Focus
Perspectives économiques à court terme
Rexecode a examiné à l’aune de ses travaux le plan présenté par le Premier ministre le 15 juillet, pour stabiliser la dette publique et relancer la production économique. Ce plan constitue une première réponse à la situation économique et financière qui a conduit à la dissolution de juin 2024. Les leviers actionnés dans le plan présenté par le Premier Ministre ne reprennent toutefois, et dans une ampleur réduite, qu’une partie des outils d’une stratégie de restauration des conditions de la croissance.

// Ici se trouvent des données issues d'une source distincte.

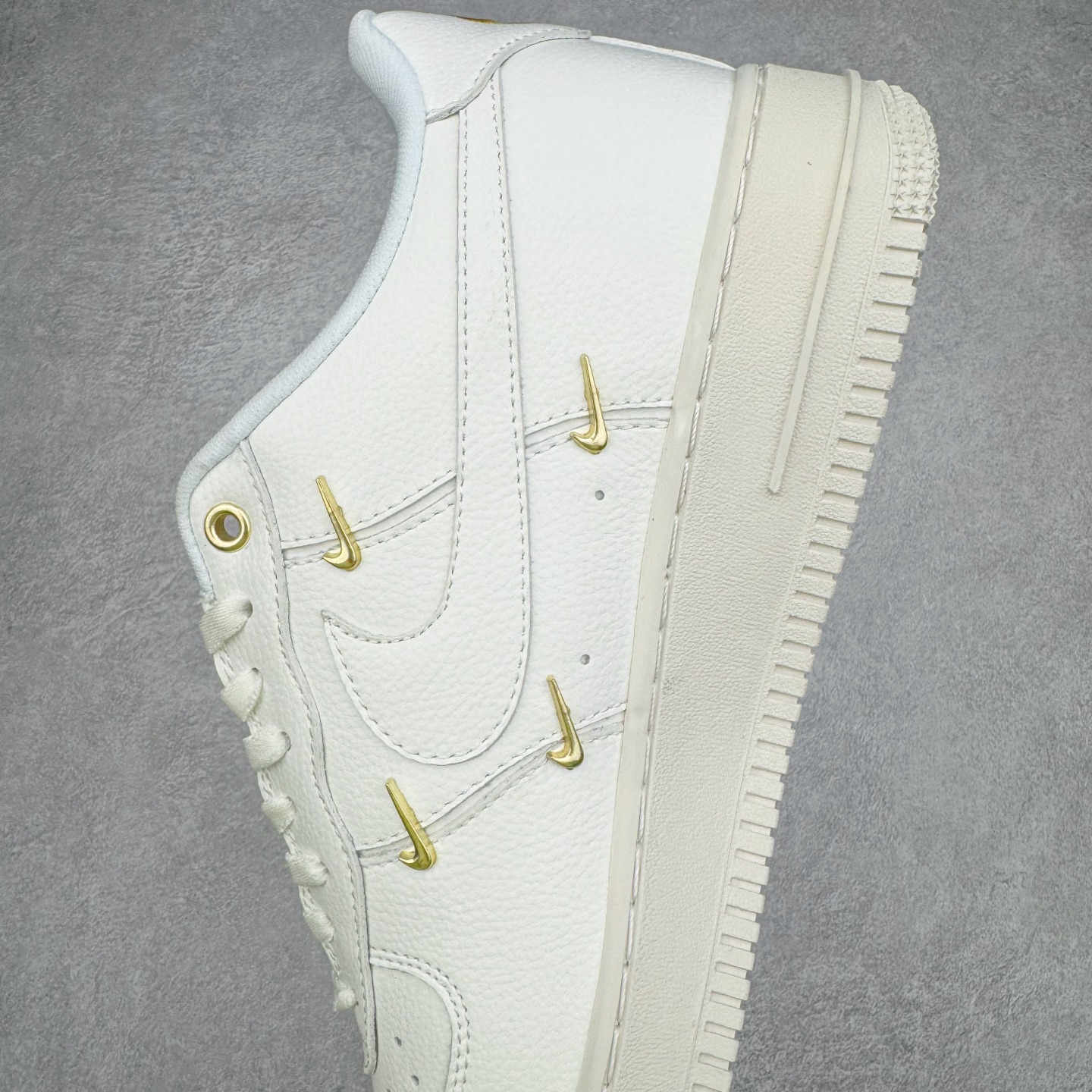 ＃福利特价‼️
NK Air Force 1 07 空军一号经典低帮板鞋 米白四钩 FV3654-111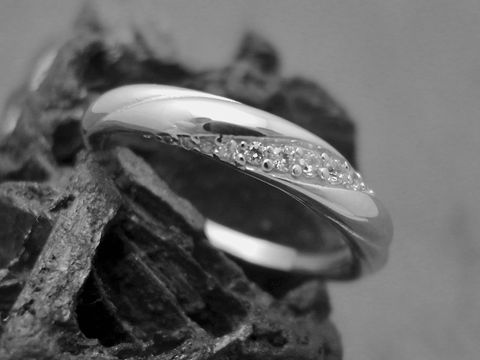 Silber Ring mit welliger Oberfläche aus rhodiniertem Sterling Silber, dekoriert mit Zirkonia, Größe 58, Hersteller Juwelier Harnisch.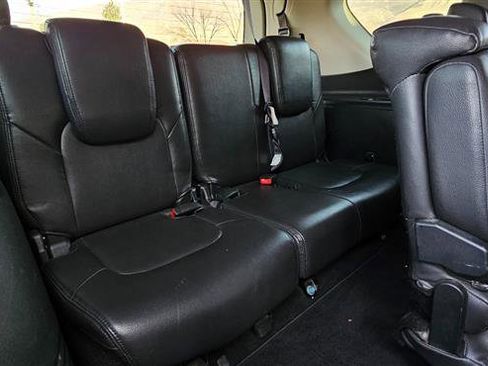 Used 2017 Nissan Armada SV image 20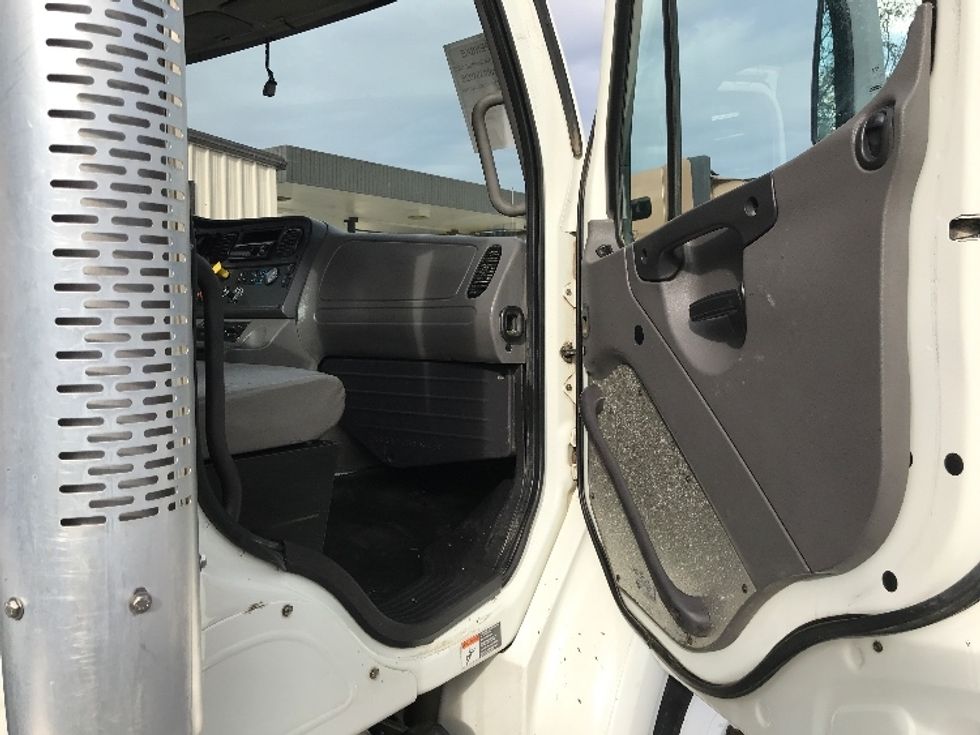 Day Cab Tractor-Heavy Duty Tractors-Freightliner-2020-M211264S-Cleveland-TN-382,814\n\t\tmiles-$ 47,750 - Image 12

Ce plan propose un discours bienvenu vers la production, qui manque cependant de souffle.
Le plan présenté par le Premier ministre, mardi 15 juillet, constitue une première réponse à la situation économique et financière qui a conduit à la dissolution de juin 2024 et à la crise politique qui a suivi. Conséquence de l’incertitude politique, plus d’une entreprise sur deux sondées par Rexecode et Bpifrance Le Lab repousse ou annule ses projets d’embauche ou d’investissement du fait de la crise politique.
Il était urgent de tracer une perspective de sortie de crise préservant l'investissement et l’emploi, tout en respectant nos engagements européens et notre crédibilité face à nos créanciers
Chaque point de taux d’intérêt supplémentaire alourdit à moyen terme la charge de la dette de 33 milliards d’euros, soit de plus d’un point de PIB.
En visant une réduction du déficit public de 5,4 % du PIB en 2025, à 4,6 % du PIB en 2026, la France avancerait d’un premier pas vers la stabilisation de sa dette publique en pourcentage du PIB. L’atteinte de cet objectif nécessitera de fournir des efforts budgétaires additionnels, d’une ampleur équivalente à ceux annoncés pour 2026, durant les trois années suivantes. Les leviers actionnés dans le plan présenté par le Premier ministre ne reprennent toutefois qu’une partie des outils d’une stratégie de restauration des conditions de la croissance et qui plus est dans une ampleur réduite. Ces outils au service d’une stratégie de croissance sont ceux d’une politique favorable à la reformation de gains de productivité, à l’augmentation de la quantité de travail, à l’encouragement de la réindustrialisation et à la mobilisation de l’épargne pour l’investissement productif.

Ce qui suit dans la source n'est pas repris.